On 12-08-29 9:46 PM, Joshua Cranmer wrote:
On 8/29/2012 6:03 PM, Ehsan Akhgari wrote:
Hi everyone,
The Talos regression detection emails caught a number of regressions
during the Monday uplift (see [1] for Aurora and [2] for Beta
regressions). To put things into perspective, I prepared a
spreadsheet of the most notable performance regressions [3] (and
please do take a look at the spreadsheet!).
The way the current situation happens is that many of the developers
ignore the Talos regression emails that go to dev-tree-management, and
in many cases regressions of a few percents slide in without being
tracked. This trend of relatively big performance regressions becomes
more evident every time we do an uplift, which means that 6 weeks
worth of development get compared to the previous version.
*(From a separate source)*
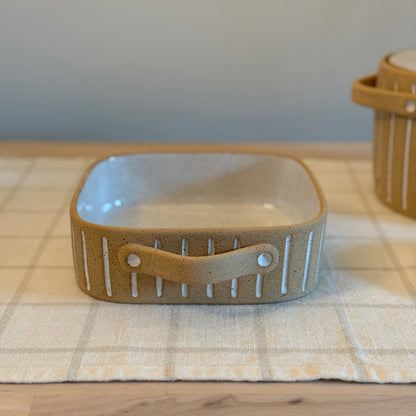 Side view of the small square dish's white-striped exterior and attached handle.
Here's another question worth asking: suppose every commit introduces a
very tiny regression. How big would this regression have to be to add up
to a 10% regression over a 6-week cycle? Assuming 400 commits per cycle,
I calculate that you need to consistently have about 0.023% regression
per commit to add up to that 10% regression. 400 commits is much fewer
than the rate we commit at, but it illustrates that some regressions
might not be because of one big regression no one missed but a death by
a thousand papercuts.
We do see regressions which cannot be attributed to a few changesets,
but I think we can all agree that every single changeset contributing
the same amount of performance regression in the 6 week cycle is highly
unlikely. I'm not sure what you're trying to suggest here.